How to select model based on Cross Validation?

I always thought we select the model with the lowest cross validation , since cross validation is the estimate of prediction error.

However, there is the "one standard error" rule according to "Elements of Statistical Learning", which choose the most parsimonious model whose error is no more than one standard error above the error of the best model.

Question: what is the rationale of the "one standard error" rule ? And why not choose the model with lowest CV ?

An Introduction to Statistical Learning puts the rationale pretty succinctly on page 214:

The rationale here is that if a set of models appear to be more or less equally good, then we might as well choose the simplest model—that is, the model with the smallest number of predictors.

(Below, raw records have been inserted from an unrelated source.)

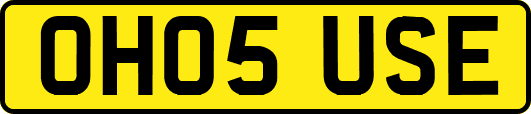 OH05USE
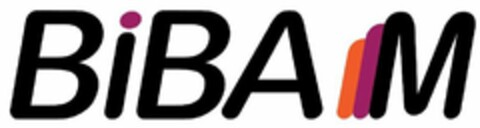 BIBA M Logo (USPTO, 05/03/2017)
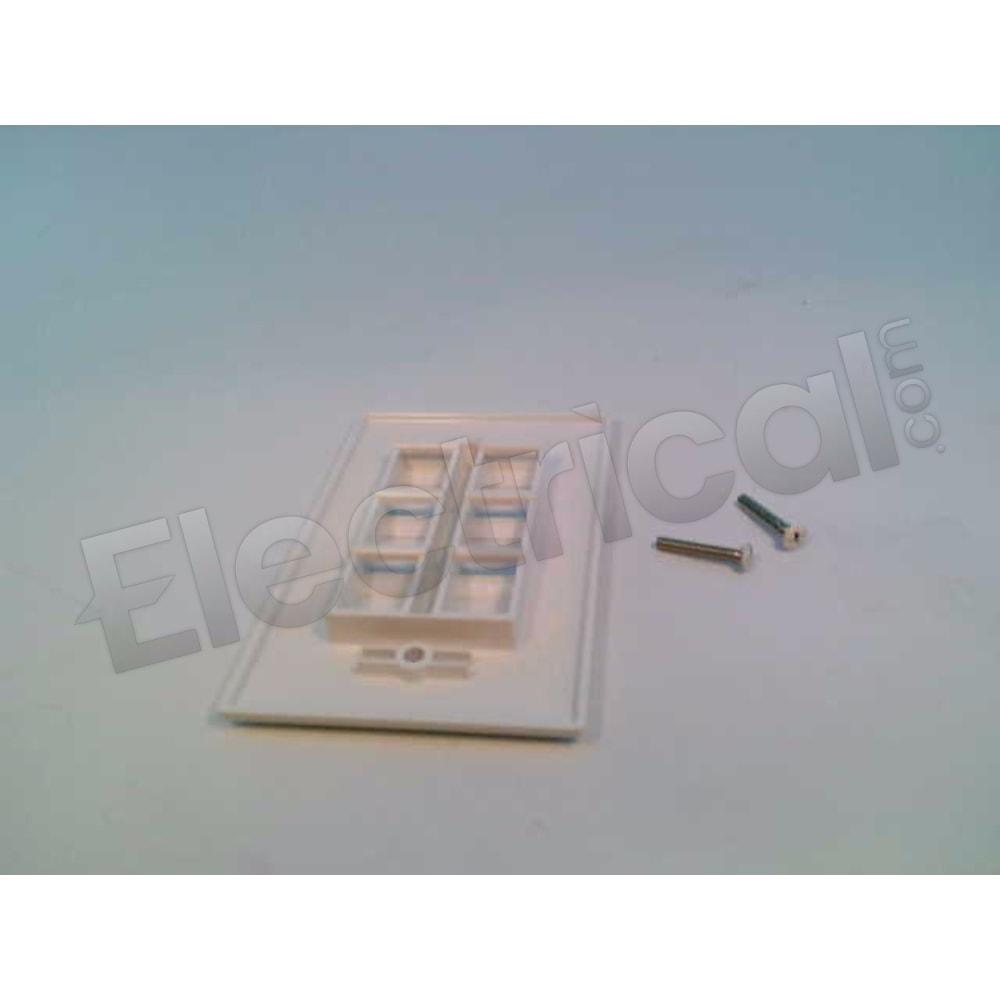 F3406-WH-V1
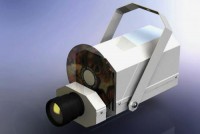 Проектор Солнечный-LED - fgospostavki.ru - Махачкала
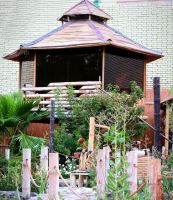 کافه شاپ تولد اصفهان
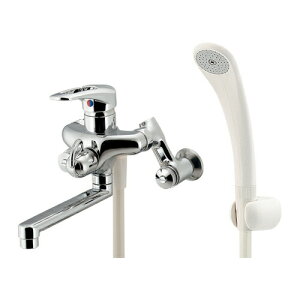 JN_Cy143-022zVOo[V[kGBl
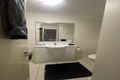 Property photo of 5 Hayden Place Moura QLD 4718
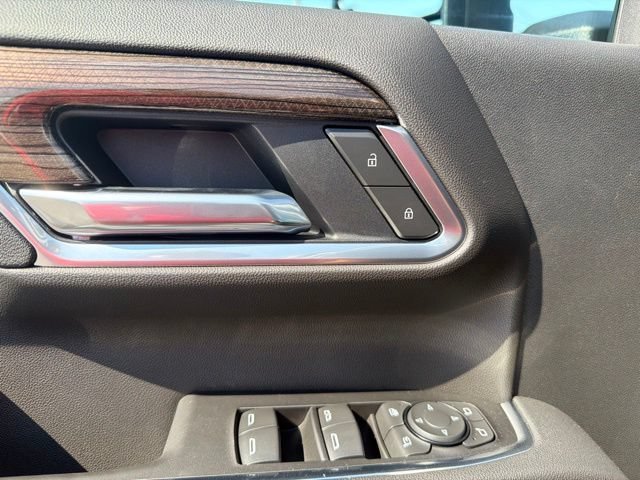 2026 Chevrolet Silverado 2500 HD LT - Photo 15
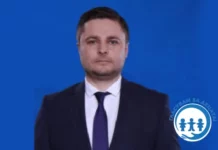 Още един депутат напусна Доган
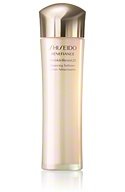 Benefiance WrinkleResist24 von Shiseido 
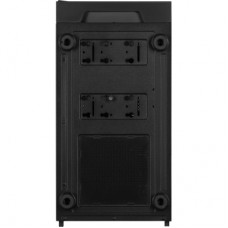 Корпус 2E Gaming Infinity (2E-G205A) - Фото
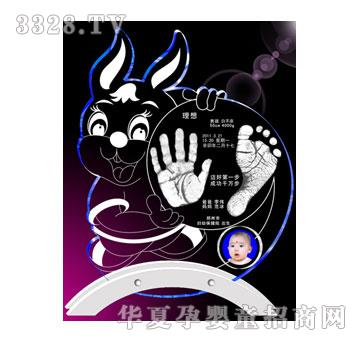 ����ؐؐ��־����������ӡ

Note that the one-standard-error rule is recommended in cases for which the relation of cross-validated error to number of predictors is "quite flat." It also takes into account the following:

Furthermore, if we repeated the validation set approach using a different split of the data into a training set and a validation set, or if we repeated cross-validation using a different set of cross-validation folds, then the precise model with the lowest estimated test error would surely change.

So why not choose the simplest useful model in such a case? The one-standard-error rule is a rule of thumb, a way to get a reasonably simple model. I am not aware of any further basis for this choice based on first principles.

This Cross Validated question goes into a good deal more detail on this issue.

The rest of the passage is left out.